Brad Tavares has been one of the best kept secrets in the middleweight division for the past two years.
The 26-year-old Ray Sefo protege has run under the proverbial radar as he's racked up victories and established himself as one the brightest young prospects on the UFC roster. With continued success, each time out has put him on a bigger stage against a higher level of competition, and the Hawaiian-born fighter has answered every challenge placed before him.
On the strength of a four-fight winning streak, the Las Vegas transplant drew his highest spot on the billing as he stepped in against Lorenz Larkin in the co-main event of UFC Fight Night 35 in Atlanta. Where Tavares' name had been relatively silent in the fight week lead-up to his previous bouts, for his scrap with Larkin, the surging middleweight received his fair share of the spotlight in the interim.
The attention and energy surrounding the fight is what The Ultimate Fighter alum had been building toward in his young career, and once again he stepped up to the plate with force. In a matchup between two of the middleweight division's most talented up-and-coming strikers, Tavares got the best of Larkin at every turn. Where "The Monsoon" has built a reputation off of his unpredictable style, Tavares was able to use his opponent's willingness to trade to his favor.
Larkin would come in to engage and Tavares would lace him with three-shot combinations that began to take their toll midway through the fight. Heading into the final frame, Larkin was visibly frustrated and was unable to turn the tide in the final five minutes. When the final bell sounded, Tavares had his hand raised for the fifth consecutive time as he picked up a clear unanimous decision victory.
"I have watched the fight, and I think everything we worked on in camp played out perfectly," Tavares told Bleacher Report. "There were certain things we specifically worked on to counter what he was going to do in order to nullify him. He was never really able to establish his offense at all, and our plan worked out well.
"I actually spoke to one of Lorenz's coaches after because we caught the same flight from Atlanta to Miami after the fight. When talking with his coach, he said one of the things that threw Lorenz off was my refusal to give ground. In his other fights, once Lorenz starts making contact, his opponents have a tendency to back up or look to get out of there.
"I wasn't going to do that and I wasn't afraid to stand and bang with him. I stood in front of him the entire time and was more than willing to trade with him. He either wasn't used to that or ready for it because it threw him off his game."
In the aftermath of his biggest showcase to date, Tavares is refusing to rest on his laurels. He has his sights set on the competition that is sitting in the upper tier of the middleweight division, and he's determined to do whatever it takes to get there.
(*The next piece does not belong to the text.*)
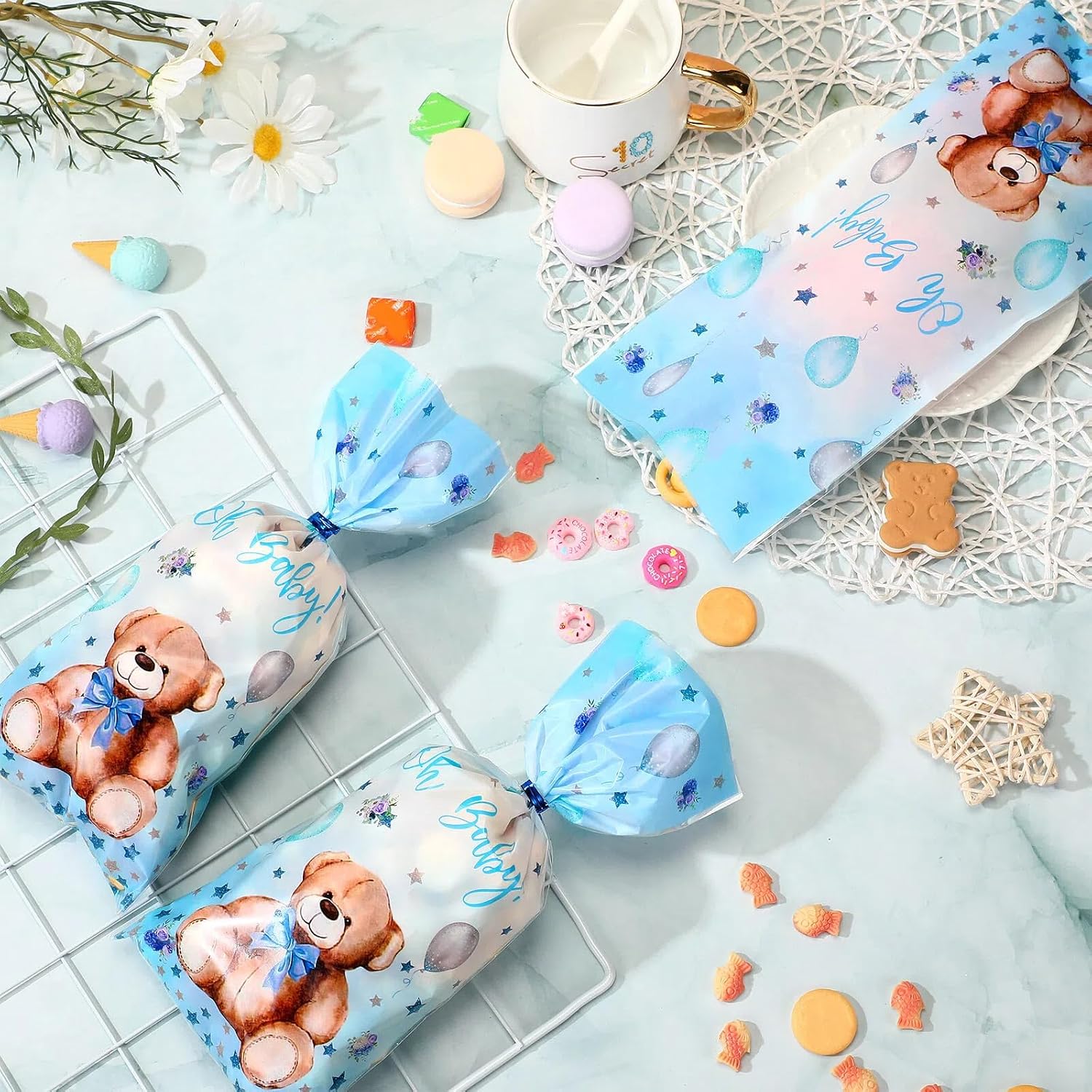 Pajean 100 Pack Bear Baby Shower Treat Bags Bear Cellophane Bulk Plastic Goodie Candy Gift Bags with Metallic Twist Ties for Gender Reveal Birthday Party Favors(Blue)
If he has to continue to work his way up the ladder one rung at time, that isn't an issue which concerns him. The headstrong Hawaiian is confident in his ability to solidify himself as a major player at 185 pounds in the coming year. And with his first win of the new year behind him, Tavares is already looking at what could potentially come next.
"Fighting the best guys in the division is absolutely what I want, but at the same time I'm a realist," Tavares said. "I have this streak, but it's not like I'm going to get a title shot or one of the top-three guys in my next fight. I realize that and it's fine with me. I'd be more than happy to get one of the guys at the bottom end of the top 10. A lot of the guys in those positions are already booked up.
"While I would love to fight one of the bigger names—and that's what I've been lobbying for—I just want to be ranked in the Top 10 for now. I just beat the guy who the UFC had ranked No. 13 so I would figure I would at least take that position. Costas Philippou was ranked No. 10, and he has lost two in a row so there is definitely going to be movement that could get me where I want to be.
"While I want to fight one of the Top 10 guys, I'm also not looking to wait around for their fights to play out," he added. "If that ends up being the case and my coaches and I have to make a decision, I will definitely fight someone with an established name that will keep me moving up those rankings."
Where his current run of success has been nothing short of impressive, it hasn't come free of criticism. Each of the five victories he's strung together have all gone to the judges' scorecards and that has put a stigma on Tavares' so-called inability to finish fights. When competing at the highest level of the sport, the the slimmest of margins can separate fighters.
While Tavares is aware of the talk that is hovering, it isn't anything he's allowing to get under his skin. He knows he's making his way through tough waters at a solid clip, and every time his hand is raised at the end of the fight is validation for the hard work he has invested.
"I heard it a little bit of that talk the lead up to the fight and people are always asking about finishing fights," Tavares said. "It's not like I'm in there and not trying to finish fights. I'm hitting these guys as hard as I can in there. I'm trying to do what I have to do in there to get it done without being one of these guys who lays and prays or walls and stalls.
"I try to make it exciting and fun for the fans. But at this level it's very hard to finish everybody you fight. It just so happens I haven't been able to get the finish in my last five, but I'm more than happy to be on the streak that I'm on and getting these wins. It's huge, man. To win in the UFC is hard enough, let alone do it five consecutive times. I'm happy with what I've accomplished so far, and I'm going to work as hard as I can to keep climbing up that ladder."
Duane Finley is a featured columnist for Bleacher Report. All quotes are obtained firsthand unless noted otherwise.